Ranking
PageRank
Core Idea: A page is important if many important pages link to it, based on a recursive formulation.
Voting Principle: - Each page votes on the importance of pages it links to. - A link’s vote is proportional to the importance of its source page. - If page \(j\) with importance \(r_j\) has \(n\) out-links, then each link gets \(\frac{r_j}{n}\) votes. - A page’s own importance is the sum of the votes on its in-links: \[ r_j = \sum_{i} \frac{r_i}{d_i} \] where \(i\) links to \(j\) and \(d_i\) is the out-degree of \(i\).
This is a system of linear equations with an infinite number of solutions. We normalize the sum of \(r_j\) to 1. For large systems, iterative methods are used.
Stochastic Adjacency Matrix: - \(M_{ji}\): If \(i\) links to \(j\) then \(\frac{1}{d_i}\), else 0. - This is a column stochastic matrix, which does not have negative eigenvalues.
Rank Vector: - The rank vector \(r\) sums to one and is \(\geq 0\): \[ r = Mr \] \[ r = (I - M)^{-1} \cdot e \] - This is an eigenvector problem with eigenvalue 1: \[ ||Mr|| = 1 \] - We find the largest eigenvector of \(M\) using power iterations, which converge quickly.
Interpretations: - System of linear equations. - Eigenvector problem. - Fixed point problem. - Random walk.
Random Walk Interpretation
Forms a Markov chain: - At time \(t\), the walker is on a random page \(i\). - At time \(t+1\), the surfer follows an out-link \(j\) with probability \(\frac{1}{d_i}\).
Transition Matrix: \(B = M^T\) - The stationary distribution of \(B\) is the PageRank vector: \[ r = rB \] - The initial distribution does not matter: \[ P(X_t = i) = \pi_i(t) \]
Limiting Distribution: - \(\pi\) is the limiting distribution if we do infinite steps: - Irreducible: We can get from every state to every other state. - Aperiodic: No cycles (state \(i\) is aperiodic if the GCD of all cycle lengths is 1; if one node is aperiodic and irreducible, all nodes are aperiodic).
PageRank score indicates the probability of being on a page after infinite steps—visiting more often means greater importance.
Problems: - Dead ends: No out-links, causing importance to leak. - Spider traps: A set of pages that link to each other but not to the outside. - Periodic states: Cycles.
Solutions: - Random teleportation: At each step, the surfer has two options: - Follow a link with probability \(\beta\). - Teleport to a random page with probability \(1 - \beta\): \[ r_j = \beta M_{ji} + \frac{1 - \beta}{N} \] - This forms a fully connected matrix: \[ A = \beta M + (1 - \beta) ee^T \frac{1}{N} \] - Instead of full matrix multiplication, we multiply by \(M\) and then add the teleportation part, keeping only the vector: \[ r = \beta Mr + \frac{1 - \beta}{N} e \]
Vertex-Oriented Computation: - Each vertex computes a local operation. - Special systems: GraphLab, Giraph, GraphX. - GAS principle: Gather, Apply, Scatter (for PageRank, only Gather and Apply are needed).
This does not solve the issue of dead ends, where the jumping probability becomes 1.
Other Problems: - Measures generic popularity: Biased against topic-specific authorities. - Topic-sensitive PageRank: Evaluates how important a page is for a specific topic, allowing search queries to be answered based on user interests.

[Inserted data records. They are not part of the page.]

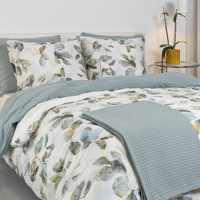 Dommelin Dekbedovertrek Fall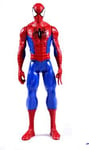 Spiderman - Avengers Figurine 30cm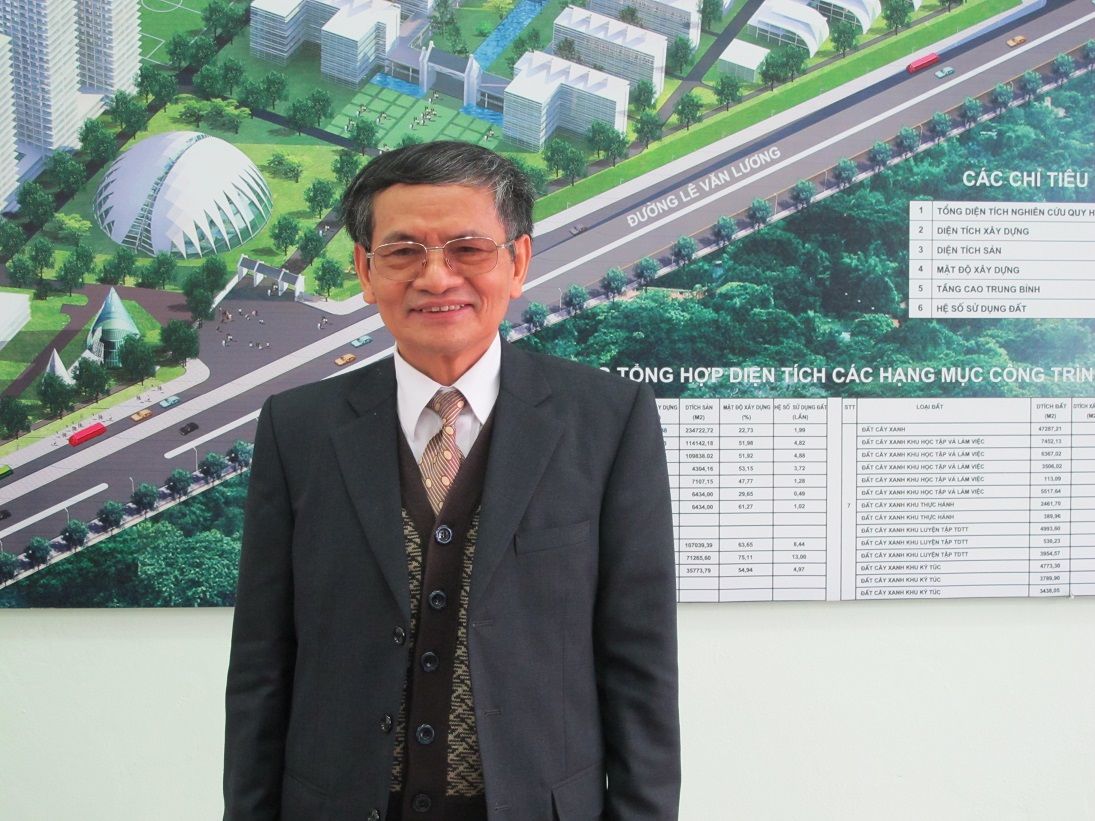 tư vấn bí quyết thi đại học điểm cao tư vấn bí quyết thi đại học điểm cao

This involves: - Biasing the random walk. - Picking a set of seed pages \(S\) (topic-relevant pages) and teleporting only to them. - Defining \(v\) with \(\frac{1}{|S|}\) on the columns of the seed pages: \[ r = \beta Mr + (1 - \beta) v \] \[ r = (1 - \beta) (I - \beta M)^{-1} v \] - Personalized PageRank: \(v\) has a 1 on your page and 0 on the rest.
Susceptible to Link Spam: - Artificial links increase importance. - TrustRank: Use a set of trusted pages and teleport to them to avoid farmed links.
Uses a Single Measure of Importance: - HITS (Hyperlink Induced Topic Search): - Authority: Pages that are linked to by many hubs. - Hub: Pages that link to many authorities.